**Task details:**
Below is a block of records; reproduce all of them exactly and leave out any pictures.

**Exercise inputs:**
^^^^
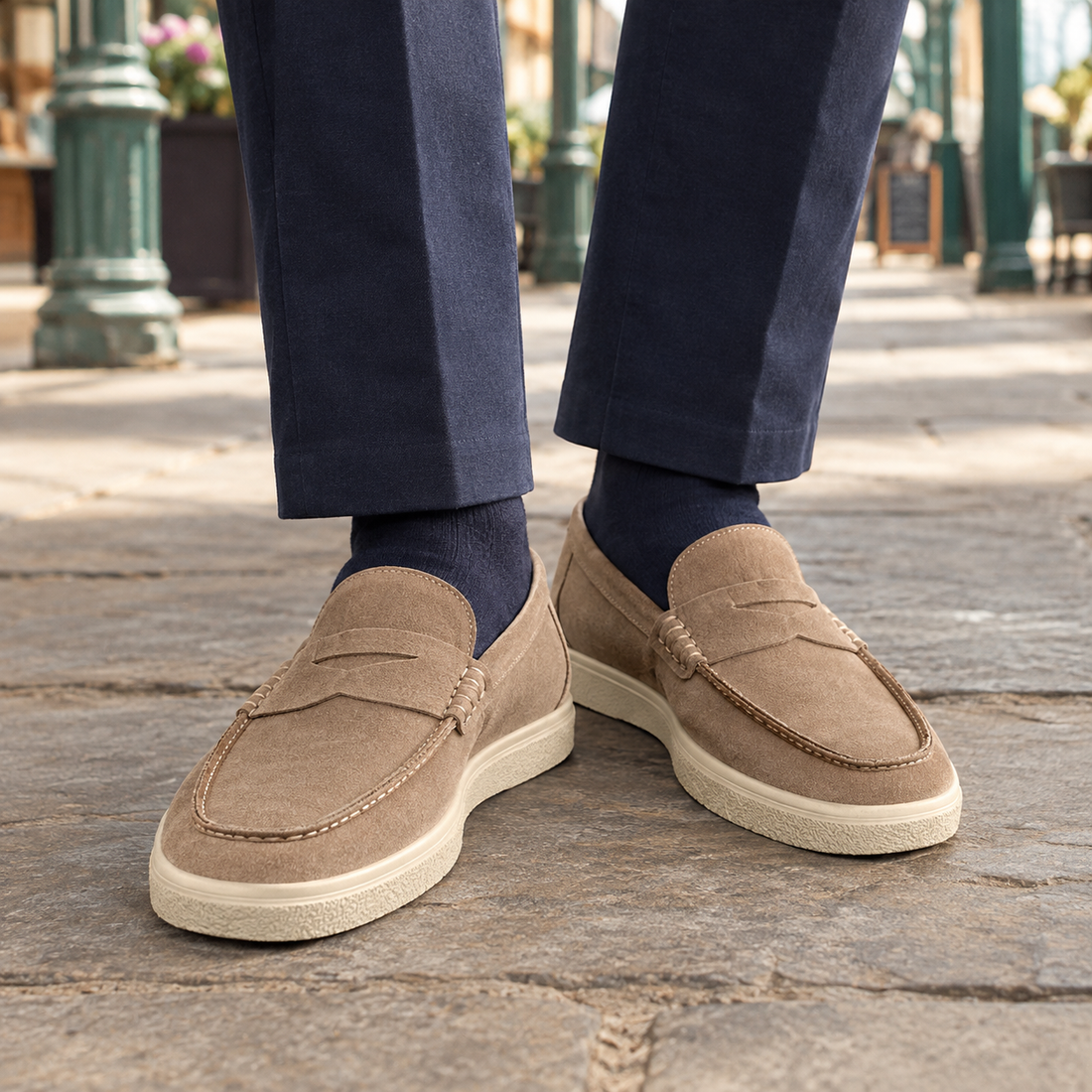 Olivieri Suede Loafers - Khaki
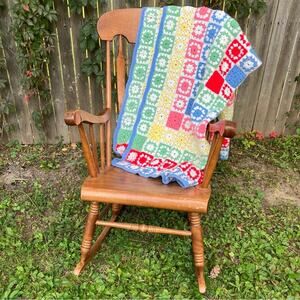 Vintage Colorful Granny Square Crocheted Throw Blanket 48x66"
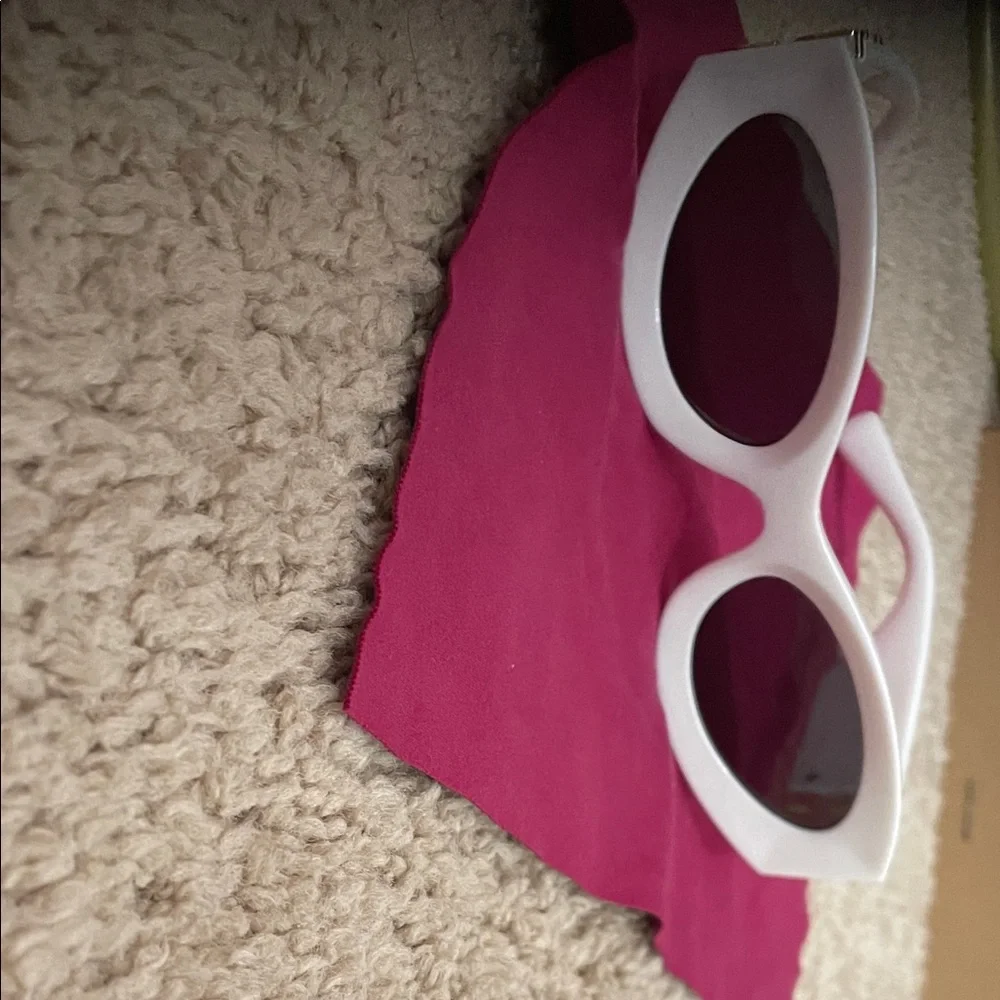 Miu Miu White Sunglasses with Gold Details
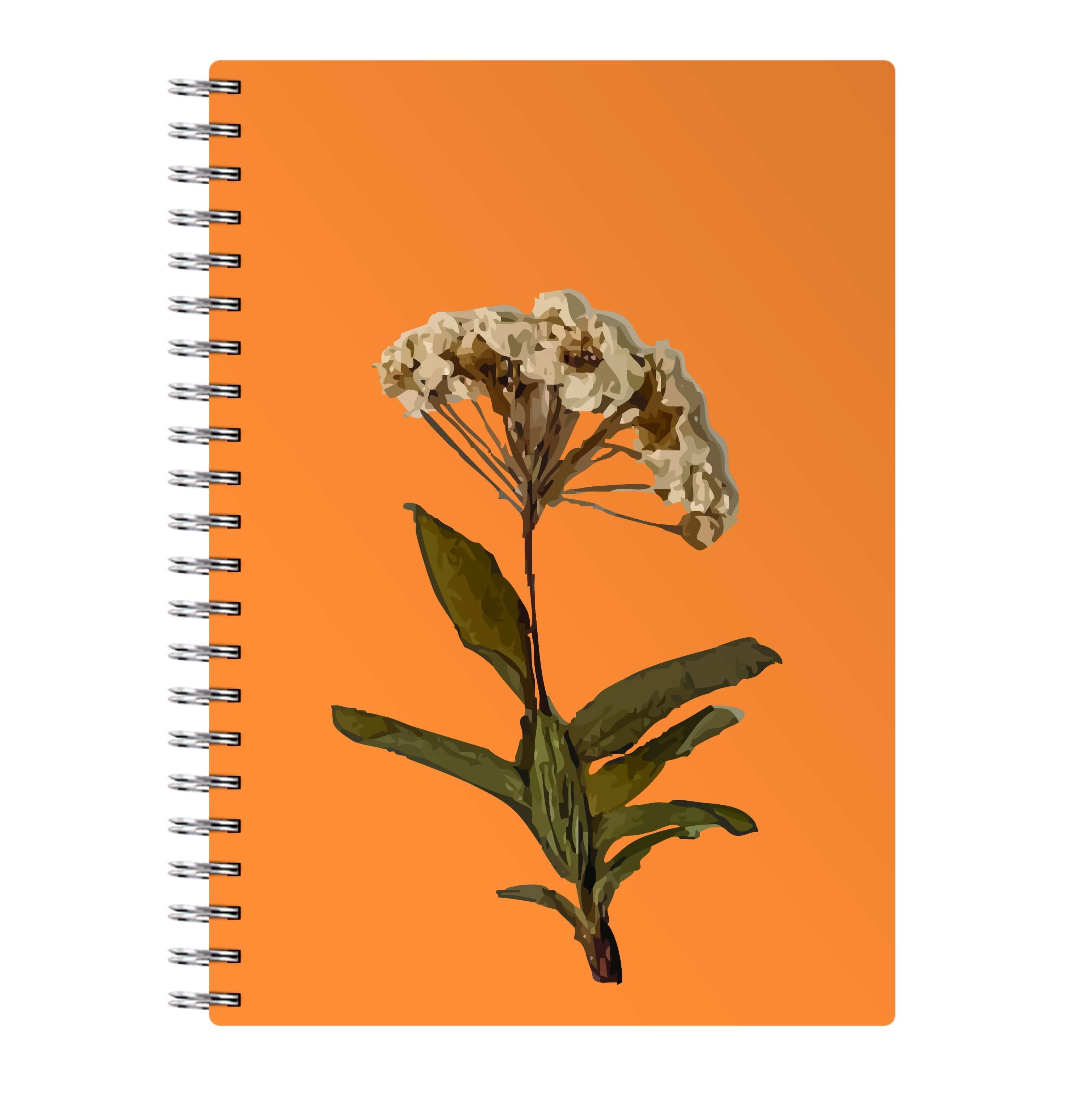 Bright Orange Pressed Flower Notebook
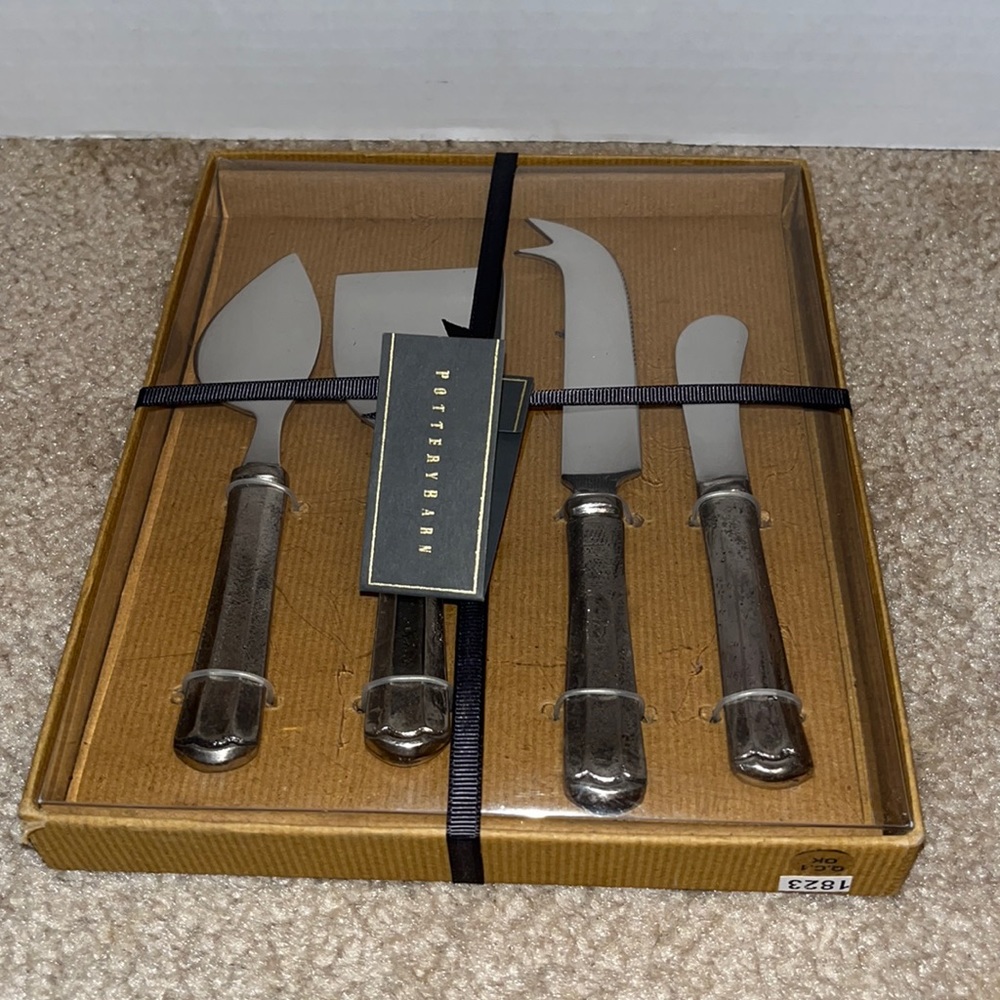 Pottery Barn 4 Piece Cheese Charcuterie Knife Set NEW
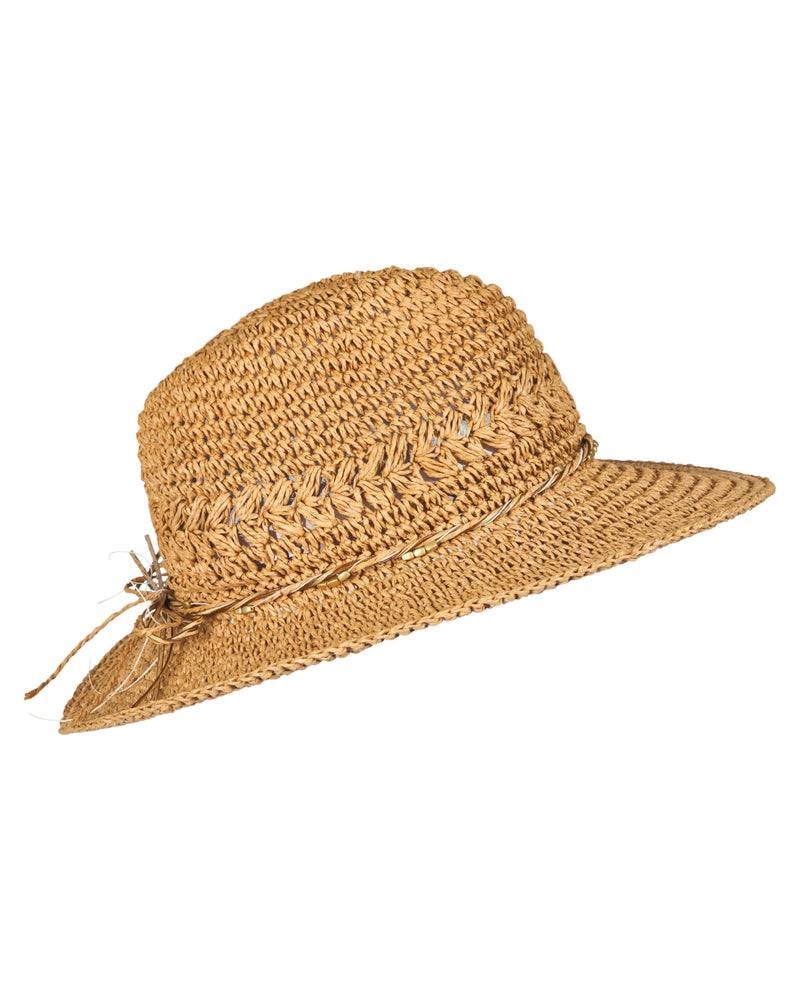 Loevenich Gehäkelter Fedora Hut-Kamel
^^^^
**Written answer:**
 Olivieri Suede Loafers - Khaki
 Vintage Colorful Granny Square Crocheted Throw Blanket 48x66"
 Miu Miu White Sunglasses with Gold Details
 Bright Orange Pressed Flower Notebook
 Pottery Barn 4 Piece Cheese Charcuterie Knife Set NEW
 Loevenich Gehäkelter Fedora Hut-Kamel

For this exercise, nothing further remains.